Malaysia derives 30 percent of state income from energy exports and pressure had been growing for government steps to assuage rising concerns over the economy.
Many consumers complain of increasing difficulty making ends meet, particularly after a range of subsidies were lifted on key goods, and with the introduction of a consumption tax looming on April 1.
Najib announced steps to promote trade, tourism, investment, and domestic consumption while also reducing business costs, and said hundreds of millions of dollars would be allocated for recovery efforts in parts of northern Malaysia that were hit by devastating floods beginning late last month.
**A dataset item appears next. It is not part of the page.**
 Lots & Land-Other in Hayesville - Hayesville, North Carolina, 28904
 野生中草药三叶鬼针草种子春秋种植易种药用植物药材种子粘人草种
In light of the global economic headwinds, the World Bank recently shaved its GDP growth forecast for Malaysia to 4.7 percent from an earlier 4.9 percent, still enviable, but off the historic pace for the Southeast Asian “tiger” economy.
Najib said government spending also would be trimmed, but not the 48.5 billion ringgit ($13.4 billion) budgeted for development expenditures including a slew of large infrastructure projects considered key to keeping the economy humming.
He said the situation will stabilise as the depressed ringgit makes Malaysian exports more competitive overseas, and as growth in key export markets such as the United States improves.
State energy firm Petronas provides about 30 percent of Malaysian government revenue, pumping in 68 billion ringgit in 2014.
But it warned late last year it could slash its contribution by as much as 37 percent in 2015 due to the oil rout.